Border towns of Laredo and El Paso have become hotbeds of logistics and distribution center activity.
Growth in trade with Mexico has sparked a boom in the distribution center market in Dallas-Fort Worth, as the metropolis has proved to be an attractive consolidation point for Mexican-made goods heading north on I-20 or east/west on I-35.
Texas is the country’s top exporting state, with more than $297.7 billion in exports, according to the state’s Office for Economic Development & Tourism. Principal exports include petroleum and coal, chemicals, computers, nonelectrical machinery and transportation equipment.
Texas has over 3,000 miles of highways, more than any other state. "We do not have, like a lot of other markets, heavy-haul corridors, and as result of that, trucks are welcome on all major thoroughfares," said Will Condrey of Cushman & Wakefield.
Texas is also home to the second-longest rail system in the country and is served by three Class I railroads: the Union Pacific, the Kansas City Southern, and the Fort Worth-based BNSF Railway. The rail system connects Texas to both coasts as well as to Mexico.

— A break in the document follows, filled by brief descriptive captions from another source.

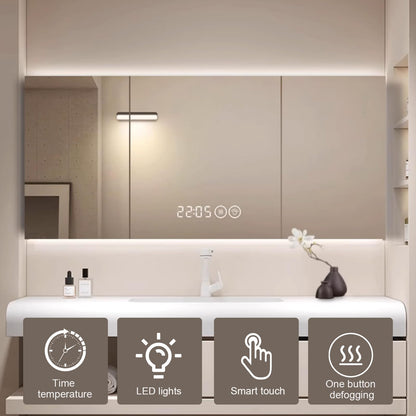 40"- 48" Floating Green Bathroom Vanity Set with LED Defogging Mirror Cabinet and Sink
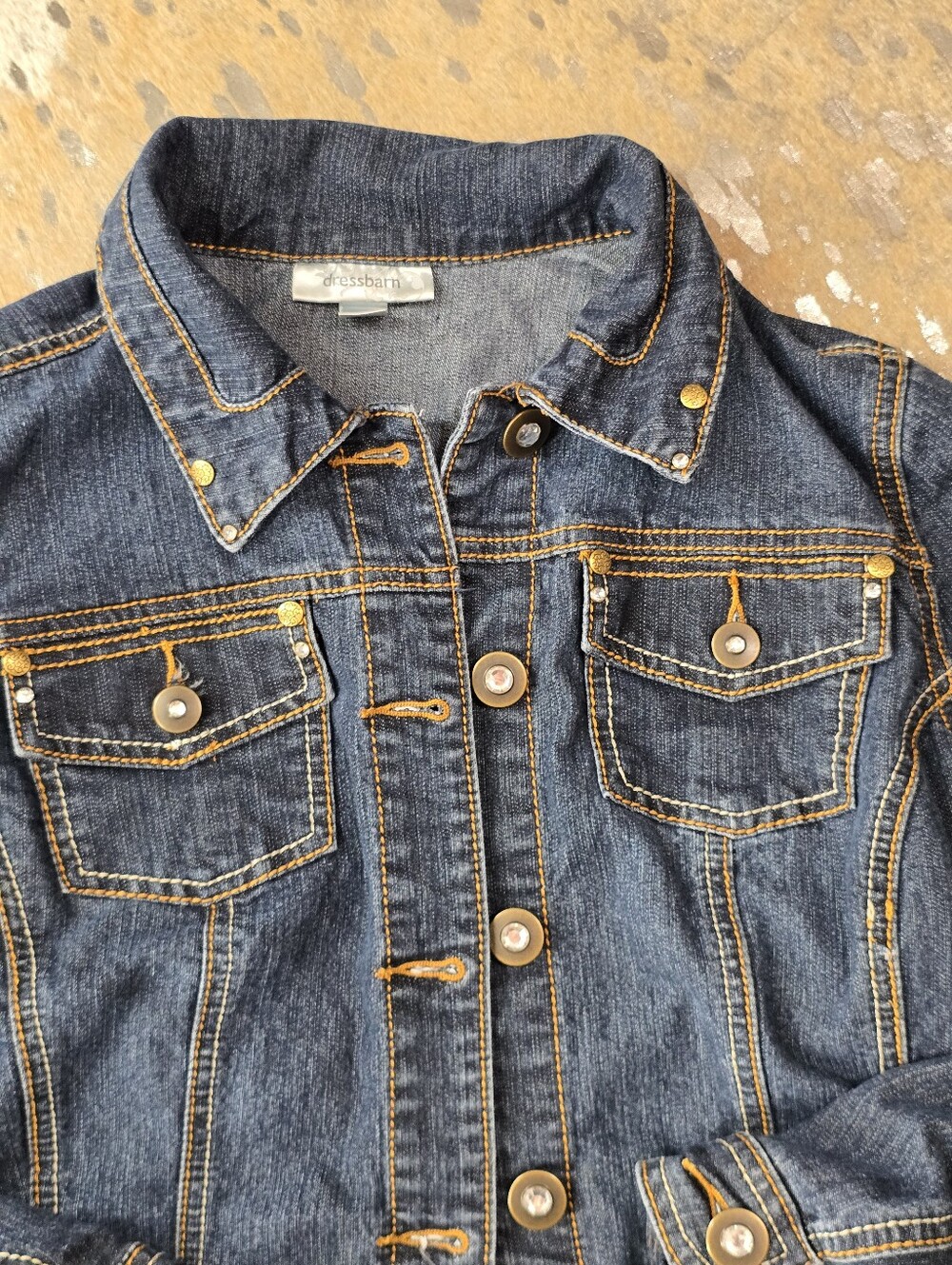 dressbarn Dark Blue Denim Jacket with Gold Stitching - Picture 9 of 9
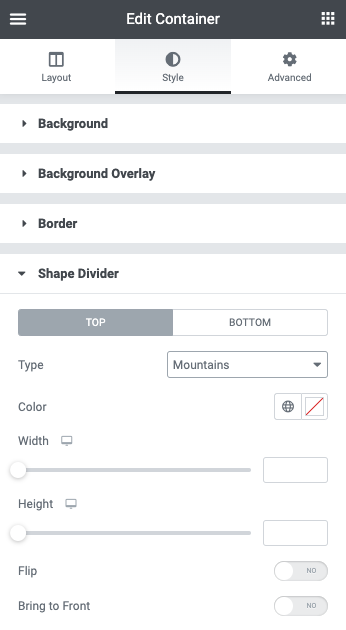 Container Shape Divider Container Style tab settings 7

For oceangoing freight, the state is home to the 12th-busiest port in the world: the Port of Houston. The state also provides excellent air cargo service, with the Dallas-Fort Worth International Airport (DFW) alone handling more than $50 billion worth of cargo annually.
Texas also has a strong supply of labor, with a civilian work force of more than 13 million people, the second largest (and one of the youngest) in the country.